Jadi ,dalam menghukumi apakah tambahan redaksi ini shahih atau tidak, merupakan bagian ijtihad para ulama. Dan yang membenarkan ke-shahih-an hadits ini, menyatakan bahwa Rasulullah shallallahu ‘alaihi wasallam kadang[2]melakukannya pada salam pertama. Namun bagi yang menyatakan hadits ini dhaif, tidak mengamalkan hadits ini meskipun di lain sisi juga tidak mengingkari bagi yang mengerjakannya. Sedangkan mengamalkan hadits ini secara terus-menerus –sebagaimana yang dilakukan beberapa golongan– adalah bentuk penyalahan dari ajaran sunnah.

Dan perlu diketahui juga, jumhur ulama berpendapat bahwa salam itu cukuplah dengan lafadz “Assalamu ‘Alaikum Warahmatullah, Assalamu ‘Alaikum Warahmatullah”

15. Rukun Shalat Dikerjakan Secara Tertib

Dengan dalil, bahwa Rasulullah mengerjakan shalat secara tertib dan teratur. Selain itu Rasulullah juga telah menegaskan dalam sabda beliau,

صَلُّوا كَمَا رَأَيْتُمُونِى أُصَلِّى

“Shalatlah kalian sebagaimana kalian melihatku shalat.”

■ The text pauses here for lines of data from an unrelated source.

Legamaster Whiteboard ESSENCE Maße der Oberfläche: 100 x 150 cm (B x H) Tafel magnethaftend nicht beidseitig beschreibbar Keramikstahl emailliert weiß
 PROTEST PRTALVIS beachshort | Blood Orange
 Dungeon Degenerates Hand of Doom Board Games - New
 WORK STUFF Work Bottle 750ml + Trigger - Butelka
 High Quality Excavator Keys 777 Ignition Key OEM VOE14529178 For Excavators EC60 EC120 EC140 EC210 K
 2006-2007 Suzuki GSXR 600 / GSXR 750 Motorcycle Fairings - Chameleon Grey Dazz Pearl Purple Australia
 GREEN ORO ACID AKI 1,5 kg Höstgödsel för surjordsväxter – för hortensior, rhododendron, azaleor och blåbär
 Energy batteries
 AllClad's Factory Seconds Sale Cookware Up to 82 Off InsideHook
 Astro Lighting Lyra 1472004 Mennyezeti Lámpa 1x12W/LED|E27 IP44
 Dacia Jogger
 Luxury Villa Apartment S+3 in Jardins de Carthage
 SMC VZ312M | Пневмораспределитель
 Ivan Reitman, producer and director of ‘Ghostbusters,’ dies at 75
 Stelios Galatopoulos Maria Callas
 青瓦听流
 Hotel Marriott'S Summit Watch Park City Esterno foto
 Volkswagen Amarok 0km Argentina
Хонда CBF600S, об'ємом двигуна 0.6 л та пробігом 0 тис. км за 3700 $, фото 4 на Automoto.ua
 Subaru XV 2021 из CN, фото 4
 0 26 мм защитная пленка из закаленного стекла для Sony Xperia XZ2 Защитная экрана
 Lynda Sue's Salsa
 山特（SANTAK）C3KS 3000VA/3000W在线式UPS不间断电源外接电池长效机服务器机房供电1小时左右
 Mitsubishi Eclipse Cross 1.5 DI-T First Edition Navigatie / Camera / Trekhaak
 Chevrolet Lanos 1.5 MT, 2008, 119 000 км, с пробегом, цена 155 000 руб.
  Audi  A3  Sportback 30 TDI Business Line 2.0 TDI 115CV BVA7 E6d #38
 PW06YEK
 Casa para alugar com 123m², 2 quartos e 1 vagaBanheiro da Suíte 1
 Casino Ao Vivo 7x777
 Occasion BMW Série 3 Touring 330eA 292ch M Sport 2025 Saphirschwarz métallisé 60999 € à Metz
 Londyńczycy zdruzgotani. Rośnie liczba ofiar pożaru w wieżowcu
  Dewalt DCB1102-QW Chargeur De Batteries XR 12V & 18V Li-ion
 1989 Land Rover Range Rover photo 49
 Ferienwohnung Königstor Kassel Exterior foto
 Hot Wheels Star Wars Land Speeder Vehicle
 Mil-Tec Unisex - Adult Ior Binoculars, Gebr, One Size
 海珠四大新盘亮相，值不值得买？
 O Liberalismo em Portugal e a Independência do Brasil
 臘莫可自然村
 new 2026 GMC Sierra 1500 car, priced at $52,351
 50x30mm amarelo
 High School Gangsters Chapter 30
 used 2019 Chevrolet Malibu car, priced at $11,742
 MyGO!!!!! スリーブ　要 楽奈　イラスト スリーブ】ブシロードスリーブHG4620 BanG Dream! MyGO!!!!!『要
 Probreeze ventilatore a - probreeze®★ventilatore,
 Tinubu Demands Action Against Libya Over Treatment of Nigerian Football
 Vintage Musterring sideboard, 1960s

Rasulullah ketika mengajari “orang yang buruk shalatnya” beliau juga menerangkan dengan pernyataan ” Lalu… lalu.

Selain itu, shalat adalah ibadah yang dapat batal karena adanya hadas. Karena itu tertib menjalankan rukun-rukun shalat secara berurutan merupakan rukun shalat seperti ibadah yang lainnya[1]. Wallohu a’lam.

Demikian penjelasan lengkap tentang apa saja yang termasuk rukun shalat. Semoga bermanfaat dan menjadi amal ibadah bagi kita semua. Aamiin.